### Work request
Your answer must hold only the lines below from the line containing "A man in glasses" through the line containing "centro de Teherán", each reproduced exactly.

### Data to use
---

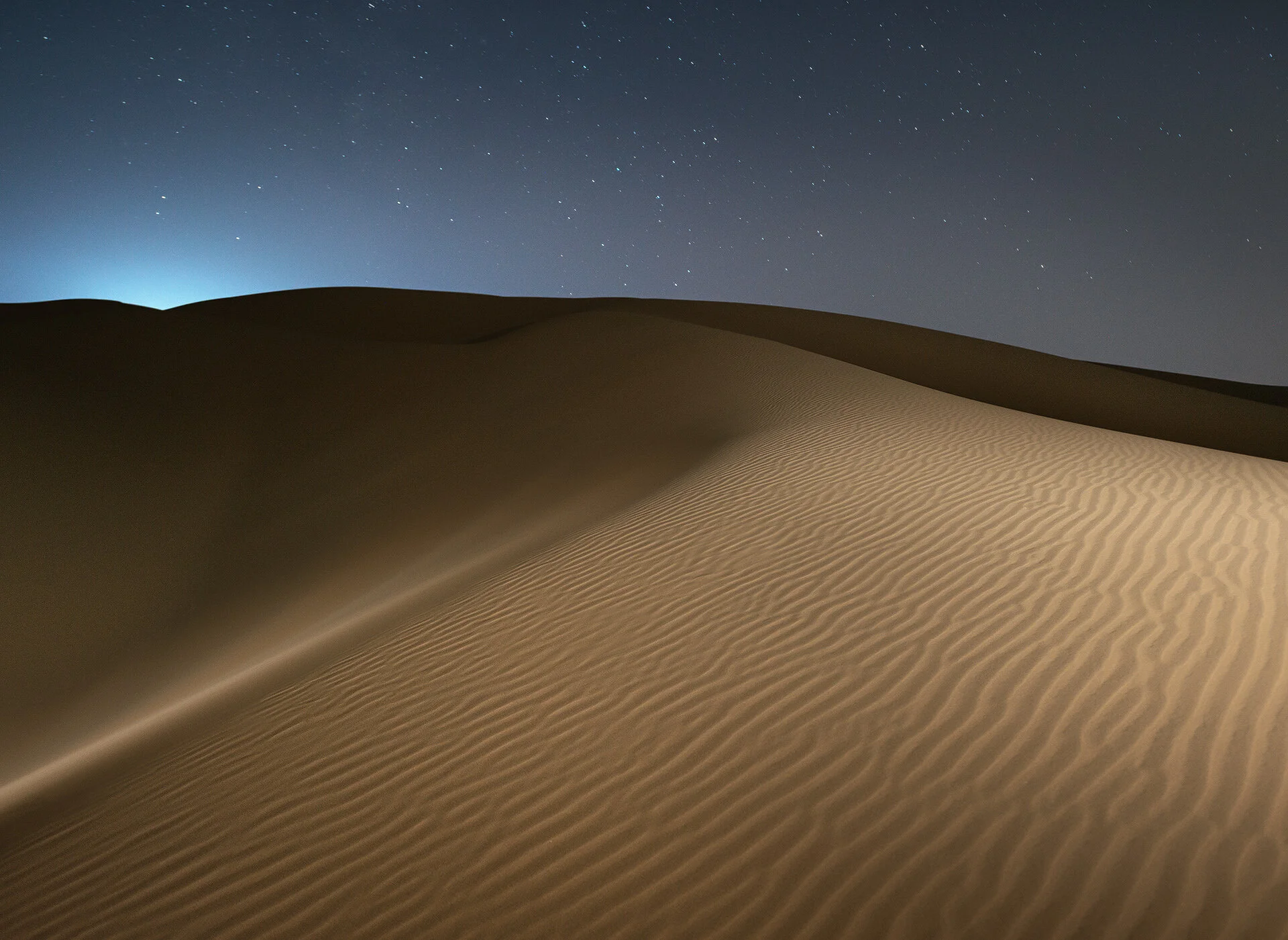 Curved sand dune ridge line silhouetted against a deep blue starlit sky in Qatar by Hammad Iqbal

---

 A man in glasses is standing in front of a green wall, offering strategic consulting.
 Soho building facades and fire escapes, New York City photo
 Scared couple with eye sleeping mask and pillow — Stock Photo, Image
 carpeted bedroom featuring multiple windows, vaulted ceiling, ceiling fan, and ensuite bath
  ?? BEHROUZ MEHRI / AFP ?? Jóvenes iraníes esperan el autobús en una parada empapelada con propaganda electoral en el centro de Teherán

---

### Final answer
 A man in glasses is standing in front of a green wall, offering strategic consulting.
 Soho building facades and fire escapes, New York City photo
 Scared couple with eye sleeping mask and pillow — Stock Photo, Image
 carpeted bedroom featuring multiple windows, vaulted ceiling, ceiling fan, and ensuite bath
  ?? BEHROUZ MEHRI / AFP ?? Jóvenes iraníes esperan el autobús en una parada empapelada con propaganda electoral en el centro de Teherán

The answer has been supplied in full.